The EU’s Juncker, finance minister of the Luxembourg tax haven, is closely connected to international finance and the dominant EU powers Germany and France. His demand that all Greek parties should back more privatisation and cuts revealed that global capital is more than willing to ride roughshod over the rights of voters, to blackmail politicians into breaking their election promises.
The threat is a powerful one. Under Greece’s €110 billion bailout plan, the IMF is due to pay another €12 billion tranche at the end of June. If they withhold, EU powers may not be willing to pick it up.
Voters in Scandinavia, Britain, France and Germany are starting to speak out against funding more bailouts. In Finland the advance of the True Finns party showed how right wing populists can take advantage of anti-bailout feeling. In the UK the right wing press launched a campaign against foreign aid as a shot across Cameron and Osborne’s bows in the event of further bailout contributions later this year.

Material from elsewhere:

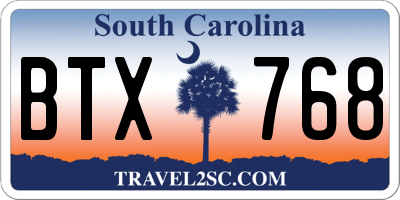 SC license plate BTX768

And in Germany fears are rising. Popular opposition to bailouts is strong. When 200 leading economists signed an open letter attacking more bailouts earlier this year, German employers’ president Dieter Hundt was forced to attack them in the business paper Handelsblatt, where he called for the size of the EU bailout fund to be raised from €250 billion to €450 billion.
Because there are more bailouts and even potential defaults looming. As we pointed out in Workers Power last month (WP May 2011, Fact and fiction: politics behind the deficit), the value of the European Financial Stability Facility (EFSF) has been raised because Spain could be bust.

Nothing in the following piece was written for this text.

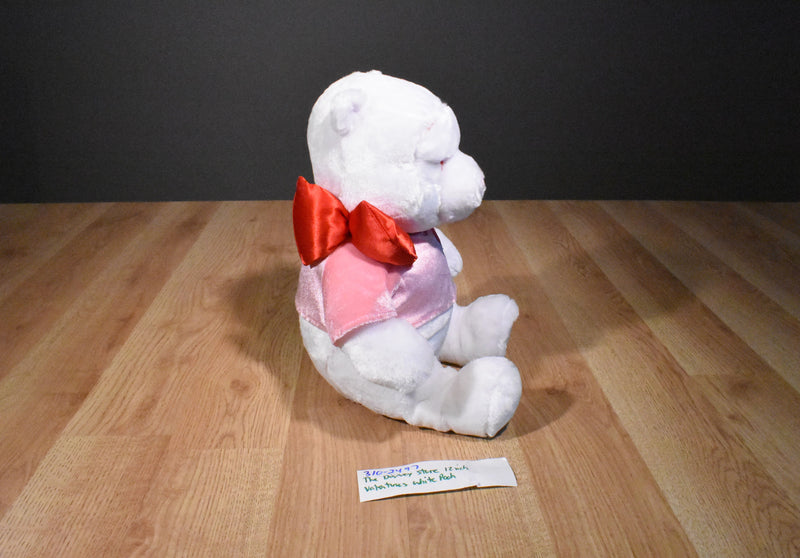 Disney Store White and Pink Valentines Pooh Plush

As Spanish unemployment shatters the 20 per cent barrier and more than four in every 10 young people of working age are on the dole, international money markets are demanding still more vicious cuts in services, benefits and public provision.
The government of the misnamed Socialist party has been carrying out horrendous cuts already – but when they lost hand over fist in recent regional elections, investors demanded higher than ever returns for funding Spanish debt. The country’s 10-year bond prices slumped as demand for Spanish bonds faded away for fear of default.

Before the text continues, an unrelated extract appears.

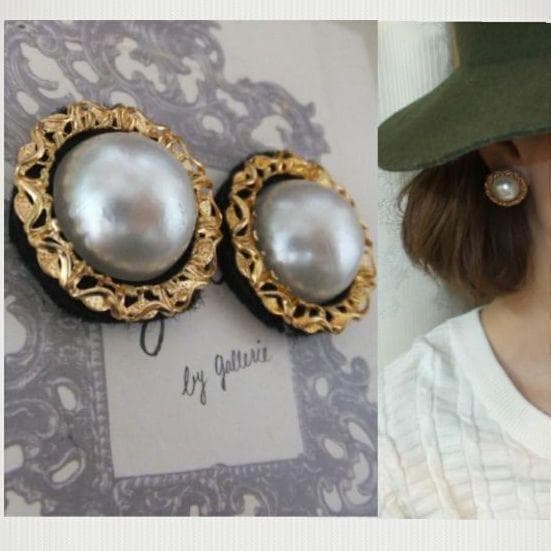 285＊プチプラ BIGパール ゴールドチェーン フェルト ブラック 大人女子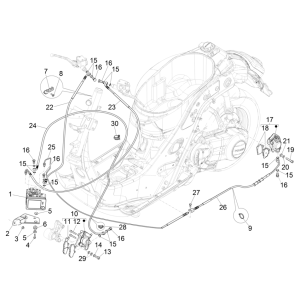 Conduites de frein - Étrier de frein (ABS) Vespa GTS 125 4T E5 ABS 2021 (EMEA)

As the main squares of Madrid and Barcelona filled with young protesters demanding revolution and “real democracy” , the governor of the Bank of Spain, Miguel Ordonez, said the people would have to be made to suffer more. Or as the Financial Times put it, “the country should not accept the high cost of financing sovereign debt and must press ahead with reforms.” The same crisis as Greece draws the same response from the bankers: For profit to stay private, debt must become public, and the working class has to pay.
Even if Spain goes down, and even if the EFSF and the IMF have the cash to bail it out, there is no chance of Europe finding the cash for the next and even bigger looming bailout: Italy.
The Economist Information Unit insists that current EFSF plus IMF funding would “not be enough for Spain plus any other potentially vulnerable country, such as Belgium (which has funding needs of around €140 billion during 2011-13) and certainly not Italy (€820 billion).” With a state debt of 120 per cent, the risk of an Italian bailout is real.
That risk showed signs of crystallising at the end of May. As fears spread for Greece and Spain, Italy’s 10 year bond prices also dived, as rating agency Standard and Poor’s put the country’s debt on a ‘negative’ outlook. Berlusconi’s corrupt right-wing regime responded by promising … a package of cuts to balance the budget within just two years.
The working class needs to link up across Europe and fight the cuts. We need to say we won’t pay for the bankers’ crisis – and we need to refuse the lie that the deficit must be paid. Instead the bondholders and bankers should have their wealth and assets confiscated, the debts should be renounced, and a general strike should be launched in each country facing cuts until the bosses back down and the cuts packages are abandoned – or until we overthrow them and take the power into our own hands.